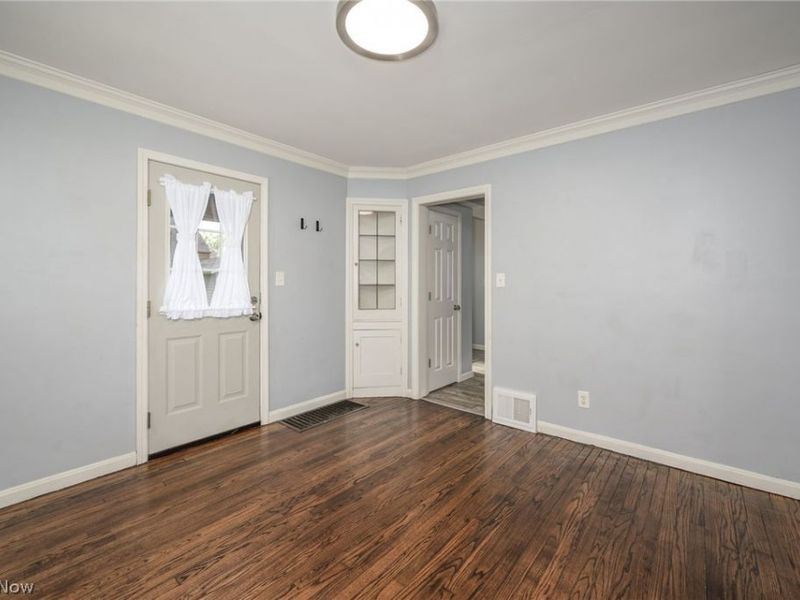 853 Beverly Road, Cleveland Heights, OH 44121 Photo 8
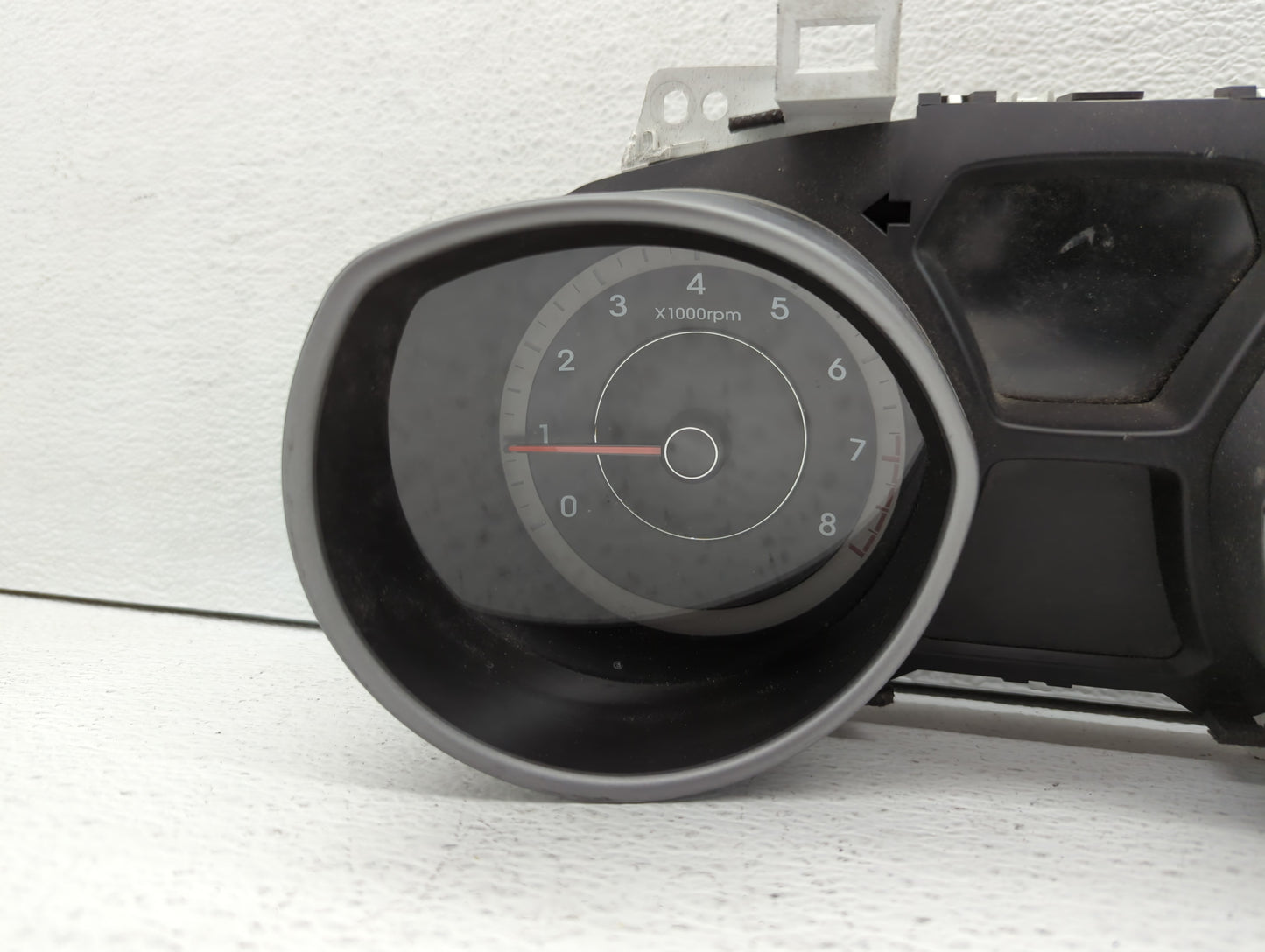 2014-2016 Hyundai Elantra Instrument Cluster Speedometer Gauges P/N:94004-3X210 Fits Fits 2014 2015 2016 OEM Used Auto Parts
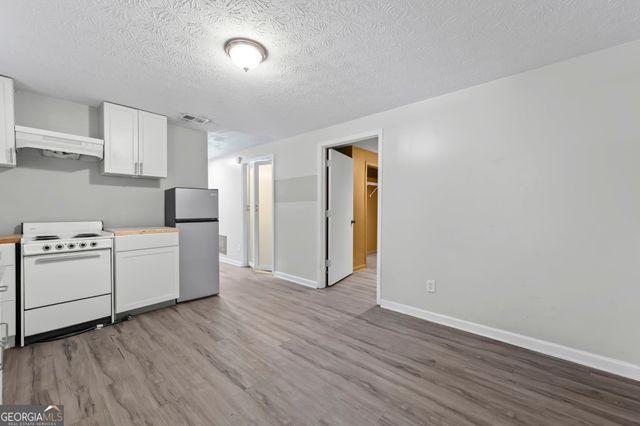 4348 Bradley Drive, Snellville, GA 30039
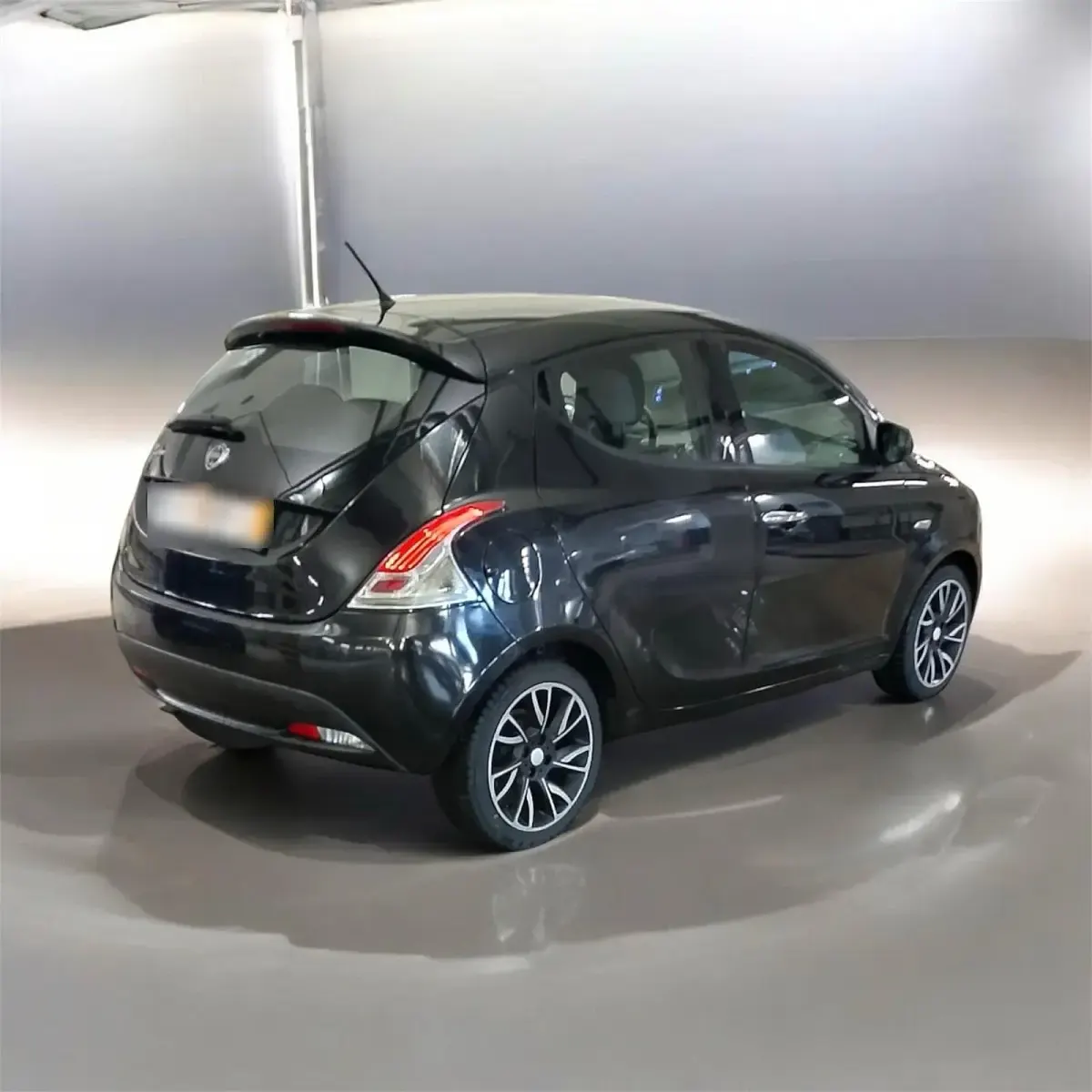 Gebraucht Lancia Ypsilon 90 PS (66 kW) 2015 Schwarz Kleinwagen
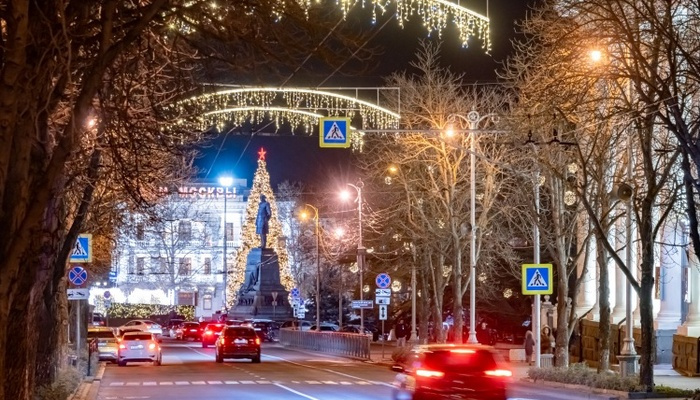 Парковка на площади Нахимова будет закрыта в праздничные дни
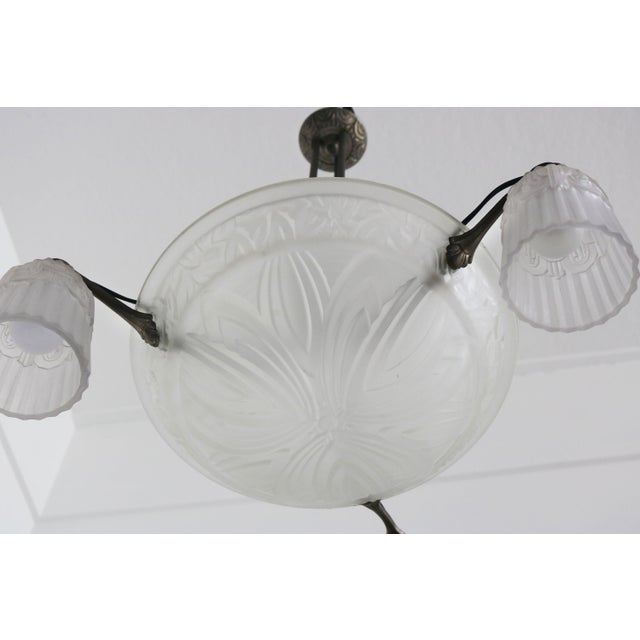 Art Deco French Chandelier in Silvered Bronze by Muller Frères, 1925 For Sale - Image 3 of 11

========

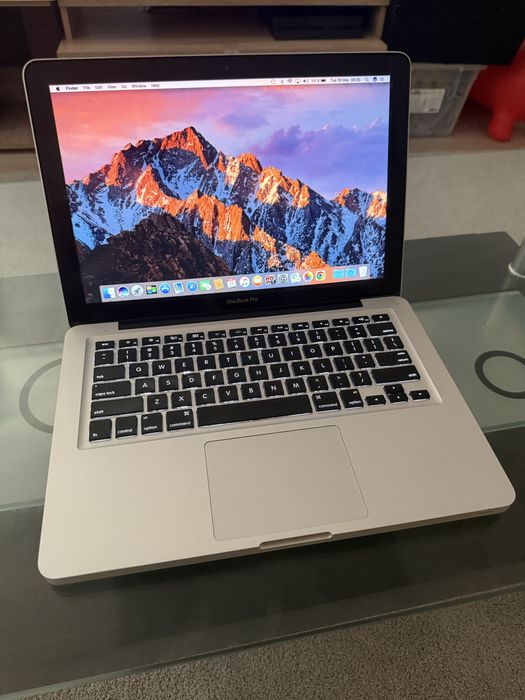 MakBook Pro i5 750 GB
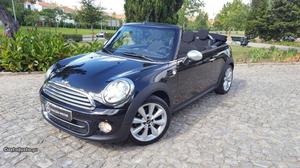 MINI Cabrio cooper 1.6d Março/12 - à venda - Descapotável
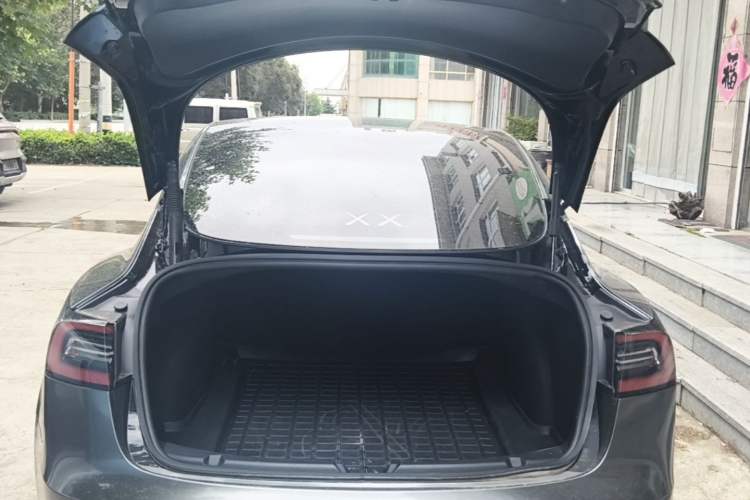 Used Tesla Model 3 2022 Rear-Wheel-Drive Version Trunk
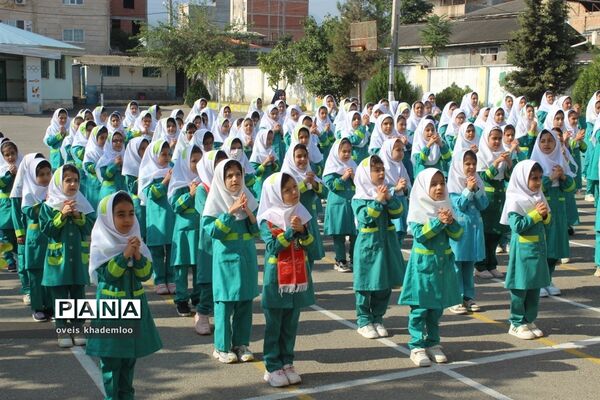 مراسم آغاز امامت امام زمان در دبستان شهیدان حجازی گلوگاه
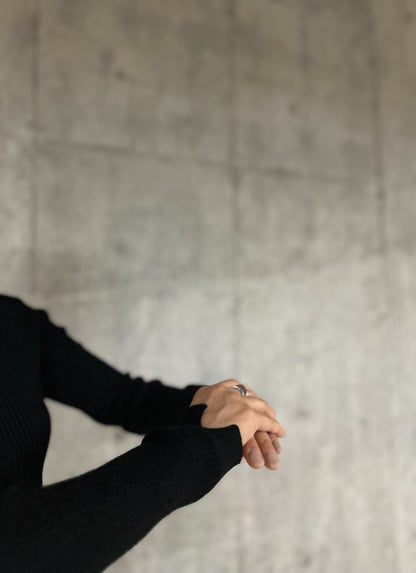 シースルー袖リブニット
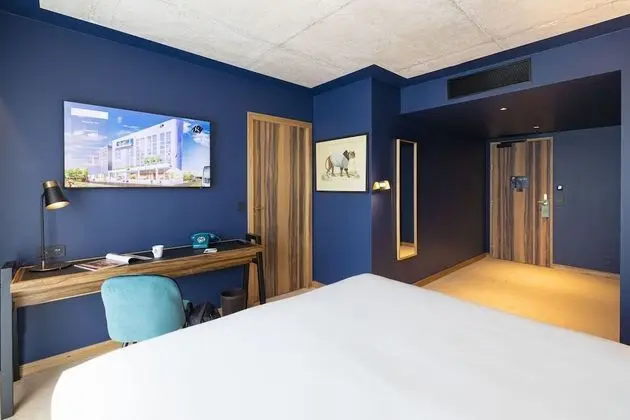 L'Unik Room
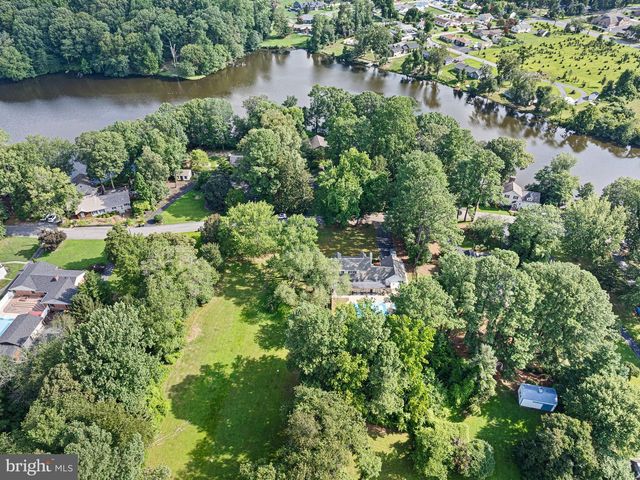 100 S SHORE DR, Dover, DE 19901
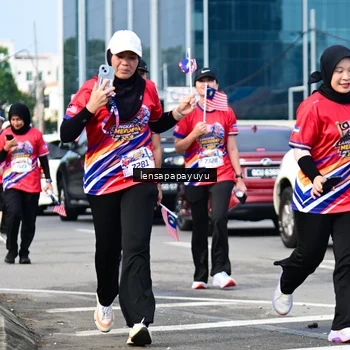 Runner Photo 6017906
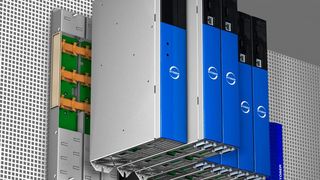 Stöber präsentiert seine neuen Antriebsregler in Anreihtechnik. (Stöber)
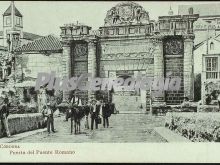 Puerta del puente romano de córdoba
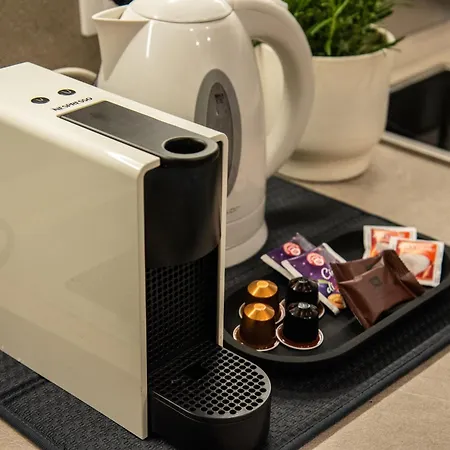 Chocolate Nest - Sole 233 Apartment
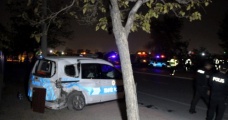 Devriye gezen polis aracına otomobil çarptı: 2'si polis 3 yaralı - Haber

========

**Exercise requirements:**
The copy should hold only the lines from the one with "853 Beverly Road, Cleveland" through the one with "Art Deco French", exactly as they stand above. Leave out the pictures.

**Answer to the problem:**
 853 Beverly Road, Cleveland Heights, OH 44121 Photo 8
 2014-2016 Hyundai Elantra Instrument Cluster Speedometer Gauges P/N:94004-3X210 Fits Fits 2014 2015 2016 OEM Used Auto Parts
 4348 Bradley Drive, Snellville, GA 30039
 Gebraucht Lancia Ypsilon 90 PS (66 kW) 2015 Schwarz Kleinwagen
 Парковка на площади Нахимова будет закрыта в праздничные дни
 Art Deco French Chandelier in Silvered Bronze by Muller Frères, 1925 For Sale - Image 3 of 11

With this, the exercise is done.